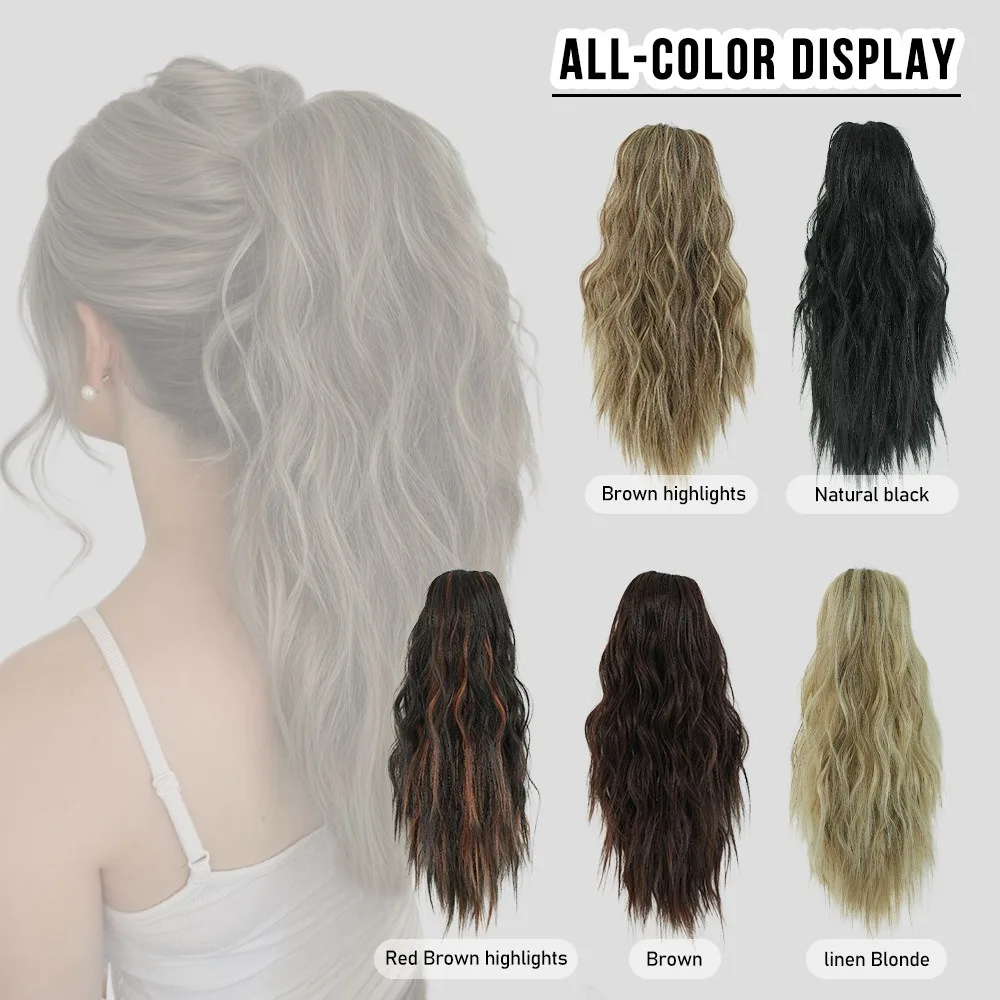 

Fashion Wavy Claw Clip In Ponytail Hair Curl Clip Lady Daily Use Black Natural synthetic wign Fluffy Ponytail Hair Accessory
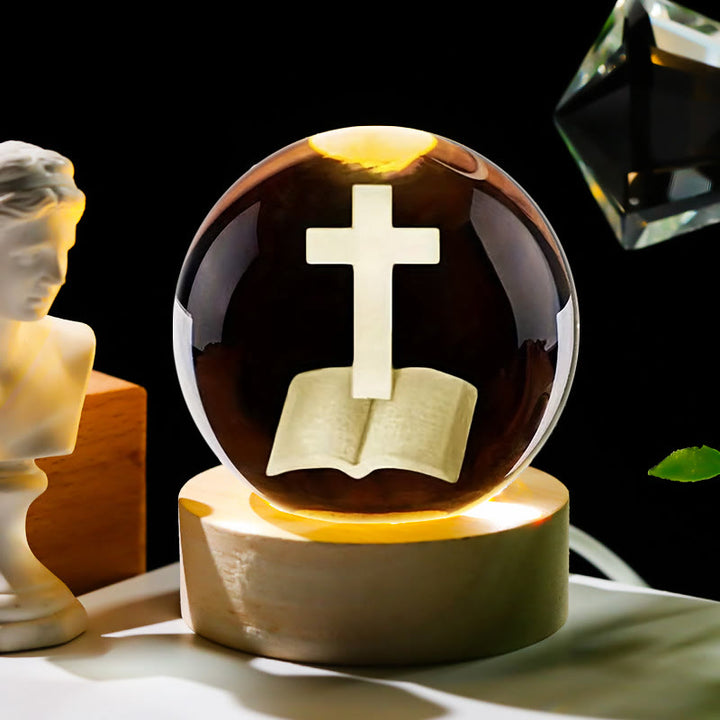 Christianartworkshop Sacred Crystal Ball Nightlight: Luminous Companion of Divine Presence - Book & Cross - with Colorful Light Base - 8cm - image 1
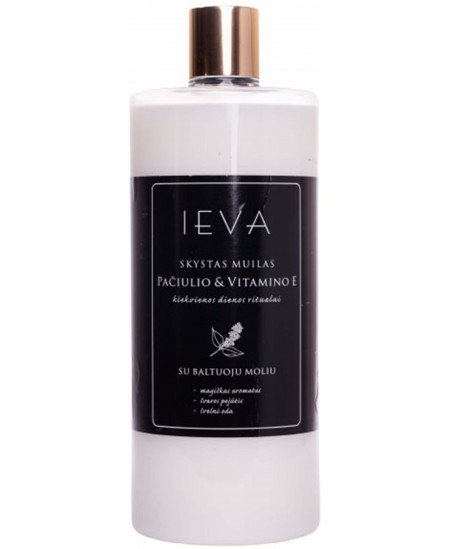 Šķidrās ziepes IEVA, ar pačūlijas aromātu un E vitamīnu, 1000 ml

==

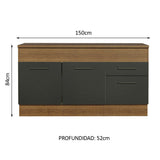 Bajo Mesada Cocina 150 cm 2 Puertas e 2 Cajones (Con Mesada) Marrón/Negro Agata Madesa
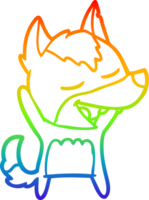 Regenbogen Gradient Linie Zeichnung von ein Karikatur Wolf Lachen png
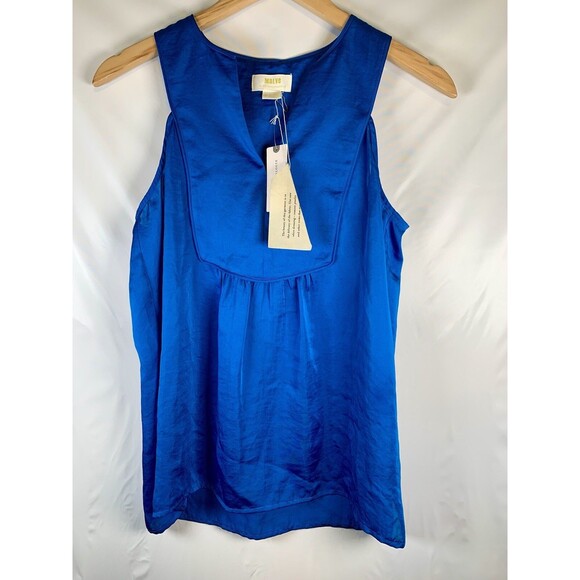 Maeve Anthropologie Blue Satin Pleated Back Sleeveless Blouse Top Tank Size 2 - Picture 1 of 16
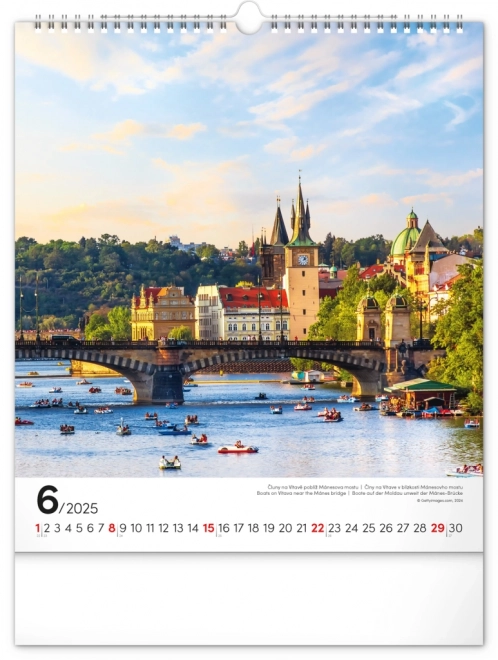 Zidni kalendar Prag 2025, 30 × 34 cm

...

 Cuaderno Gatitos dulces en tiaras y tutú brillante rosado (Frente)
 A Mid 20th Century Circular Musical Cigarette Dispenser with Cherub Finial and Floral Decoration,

◆ **TRY IT**:
What should come back is an exact copy of the lines above from the line with "Bajo Mesada Cocina" to the line with "Zidni kalendar Prag 2025, 30 × 34 cm", both included, minus the pictures.

◆ **RESULT**:
 Bajo Mesada Cocina 150 cm 2 Puertas e 2 Cajones (Con Mesada) Marrón/Negro Agata Madesa
 Regenbogen Gradient Linie Zeichnung von ein Karikatur Wolf Lachen png
 Maeve Anthropologie Blue Satin Pleated Back Sleeveless Blouse Top Tank Size 2 - Picture 1 of 16
 Zidni kalendar Prag 2025, 30 × 34 cm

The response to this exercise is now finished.